Nihon Kohden Has A Solid Track Record

The company has been paying a dividend for a long time, and it has been quite stable which gives us confidence in the future dividend potential. Since 2014, the annual payment back then was ¥26.00, compared to the most recent full-year payment of ¥61.00. This works out to be a compound annual growth rate (CAGR) of approximately 8.9% a year over that time. The growth of the dividend has been pretty reliable, so we think this can offer investors some nice additional income in their portfolio.

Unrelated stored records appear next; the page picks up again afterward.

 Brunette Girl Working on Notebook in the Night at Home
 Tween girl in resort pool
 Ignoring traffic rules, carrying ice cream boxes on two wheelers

The Dividend Looks Likely To Grow

The company's investors will be pleased to have been receiving dividend income for some time. Nihon Kohden has seen EPS rising for the last five years, at 11% per annum. A low payout ratio and decent growth suggests that the company is reinvesting well, and it also has plenty of room to increase the dividend over time.

In Summary

Overall, while it's not great to see that the dividend has been cut, we think the company is now in a good position to make consistent payments going into the future. The payments look okay by most measures, the lack of cash flow could definitely cause problems for them in the future. The payment isn't stellar, but it could make a decent addition to a dividend portfolio.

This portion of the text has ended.